The teichon method outperforms historical energy minimization algorithms in terms of convergence and accuracy in non-crowded cases and is competitive with recent alternatives based on other minimization schemes. Its shooting structure guarantees an exact (up to integration error) geodesic, rather than an inexact, energy-minimizing path.
Prospects and Limitations
While robust in standard shape analysis workflows, the algorithm's primary limitation arises from crowding: the inability, due to numerical singularity, to resolve shapes with highly compressed or elongated zones on the unit circle. Overcoming this limitation may require adaptive representation, higher-precision arithmetic, or fundamentally different regularization strategies. The authors suggest that related techniques from advanced conformal mapping theory could be integrated for amelioration, but this is left for future work.
Potential future directions include:
Exploiting the teichon machinery for large-scale statistical shape analysis and database mining, leveraging uniqueness and tangent-space linearization for constructing means and performing inference on populations of shapes.

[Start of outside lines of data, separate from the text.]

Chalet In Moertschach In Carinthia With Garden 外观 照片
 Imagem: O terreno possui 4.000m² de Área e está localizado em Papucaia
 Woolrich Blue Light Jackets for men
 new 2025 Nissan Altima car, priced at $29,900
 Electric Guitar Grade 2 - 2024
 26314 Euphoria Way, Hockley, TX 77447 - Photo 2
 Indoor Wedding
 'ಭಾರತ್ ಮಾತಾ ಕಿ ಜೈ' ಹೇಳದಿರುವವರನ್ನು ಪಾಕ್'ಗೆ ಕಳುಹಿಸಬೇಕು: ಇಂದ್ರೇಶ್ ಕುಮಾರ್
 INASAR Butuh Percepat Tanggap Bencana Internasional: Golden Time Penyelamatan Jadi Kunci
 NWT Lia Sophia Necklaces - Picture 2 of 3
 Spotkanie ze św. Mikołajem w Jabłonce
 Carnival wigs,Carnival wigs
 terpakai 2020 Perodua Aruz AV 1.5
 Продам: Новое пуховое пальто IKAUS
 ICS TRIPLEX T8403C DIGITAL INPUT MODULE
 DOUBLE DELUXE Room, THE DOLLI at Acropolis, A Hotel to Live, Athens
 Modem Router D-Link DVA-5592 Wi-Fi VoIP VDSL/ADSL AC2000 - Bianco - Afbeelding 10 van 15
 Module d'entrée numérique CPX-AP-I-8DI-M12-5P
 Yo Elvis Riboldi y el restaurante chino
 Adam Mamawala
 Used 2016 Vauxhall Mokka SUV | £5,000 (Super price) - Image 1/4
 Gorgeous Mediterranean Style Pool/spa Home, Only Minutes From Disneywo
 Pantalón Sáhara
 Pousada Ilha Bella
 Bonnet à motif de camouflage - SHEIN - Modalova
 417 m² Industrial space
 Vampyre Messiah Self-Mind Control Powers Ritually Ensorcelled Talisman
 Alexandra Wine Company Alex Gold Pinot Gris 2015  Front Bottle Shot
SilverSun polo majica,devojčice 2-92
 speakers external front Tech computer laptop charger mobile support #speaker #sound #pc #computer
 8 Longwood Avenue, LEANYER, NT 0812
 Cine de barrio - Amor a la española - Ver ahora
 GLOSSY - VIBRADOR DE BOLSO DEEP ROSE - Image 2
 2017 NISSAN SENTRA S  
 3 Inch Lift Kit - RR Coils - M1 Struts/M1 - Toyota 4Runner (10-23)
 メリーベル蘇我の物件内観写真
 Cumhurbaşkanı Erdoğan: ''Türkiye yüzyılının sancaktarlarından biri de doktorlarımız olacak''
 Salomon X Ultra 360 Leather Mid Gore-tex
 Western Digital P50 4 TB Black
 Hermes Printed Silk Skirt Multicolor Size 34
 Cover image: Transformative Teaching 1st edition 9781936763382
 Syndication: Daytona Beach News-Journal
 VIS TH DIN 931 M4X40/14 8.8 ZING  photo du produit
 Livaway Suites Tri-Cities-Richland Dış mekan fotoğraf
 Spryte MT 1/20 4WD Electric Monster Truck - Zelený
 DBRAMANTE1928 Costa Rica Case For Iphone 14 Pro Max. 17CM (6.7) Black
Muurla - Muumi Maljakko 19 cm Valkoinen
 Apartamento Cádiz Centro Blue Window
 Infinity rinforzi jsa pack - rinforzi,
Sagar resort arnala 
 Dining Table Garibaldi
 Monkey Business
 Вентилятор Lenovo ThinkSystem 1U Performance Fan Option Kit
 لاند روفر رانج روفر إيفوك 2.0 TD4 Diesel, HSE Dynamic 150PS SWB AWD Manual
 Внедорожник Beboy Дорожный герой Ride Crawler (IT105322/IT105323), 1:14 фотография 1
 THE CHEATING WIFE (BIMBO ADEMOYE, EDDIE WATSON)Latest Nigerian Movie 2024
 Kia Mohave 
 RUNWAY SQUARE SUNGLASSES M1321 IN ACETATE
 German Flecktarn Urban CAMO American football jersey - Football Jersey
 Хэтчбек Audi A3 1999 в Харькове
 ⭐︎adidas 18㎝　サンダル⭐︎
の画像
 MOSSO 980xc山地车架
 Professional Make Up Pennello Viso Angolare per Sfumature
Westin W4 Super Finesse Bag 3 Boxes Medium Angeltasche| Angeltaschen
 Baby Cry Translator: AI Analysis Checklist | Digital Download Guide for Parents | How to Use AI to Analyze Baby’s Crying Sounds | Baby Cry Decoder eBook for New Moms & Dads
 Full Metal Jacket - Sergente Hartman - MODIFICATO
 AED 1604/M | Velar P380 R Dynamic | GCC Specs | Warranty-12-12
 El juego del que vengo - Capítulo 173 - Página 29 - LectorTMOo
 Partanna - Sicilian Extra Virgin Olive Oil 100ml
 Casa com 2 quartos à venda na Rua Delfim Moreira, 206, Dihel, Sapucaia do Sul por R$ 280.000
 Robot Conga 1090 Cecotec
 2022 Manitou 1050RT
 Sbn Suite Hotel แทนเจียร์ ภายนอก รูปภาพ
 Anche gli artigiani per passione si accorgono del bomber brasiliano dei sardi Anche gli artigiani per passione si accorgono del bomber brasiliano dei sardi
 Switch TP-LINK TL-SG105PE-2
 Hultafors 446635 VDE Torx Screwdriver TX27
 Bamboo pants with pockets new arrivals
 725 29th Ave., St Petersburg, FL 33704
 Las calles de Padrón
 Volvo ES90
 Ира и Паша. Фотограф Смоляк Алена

Augmenting the teichon ansatz to incorporate adaptivity or sparsity, possibly via multi-scale or hierarchical construction, to alleviate difficulties posed by crowding and to resolve more singular features.
Transfer of the methodology to related infinite-dimensional homogeneous spaces, and extension to quotient geometries encountered in higher-genus Teichmüller theory.
Conclusion
The paper delivers an analytically grounded, numerically effective strategy for generating WP-geodesics on the universal Teichmüller space by representing the flow with singular teichon solutions. The marriage of finite-dimensional ODE-based evolution and Möbius-invariant matching establishes a solid computational foundation for high-dimensional shape analysis, within the theoretical constraints posed by numerical crowding. While significant challenges remain for pathological (crowded) cases, the approach substantially advances the state of the art for applications demanding geodesic paths and statistics on shape spaces modeled by T(1) (1208.2022).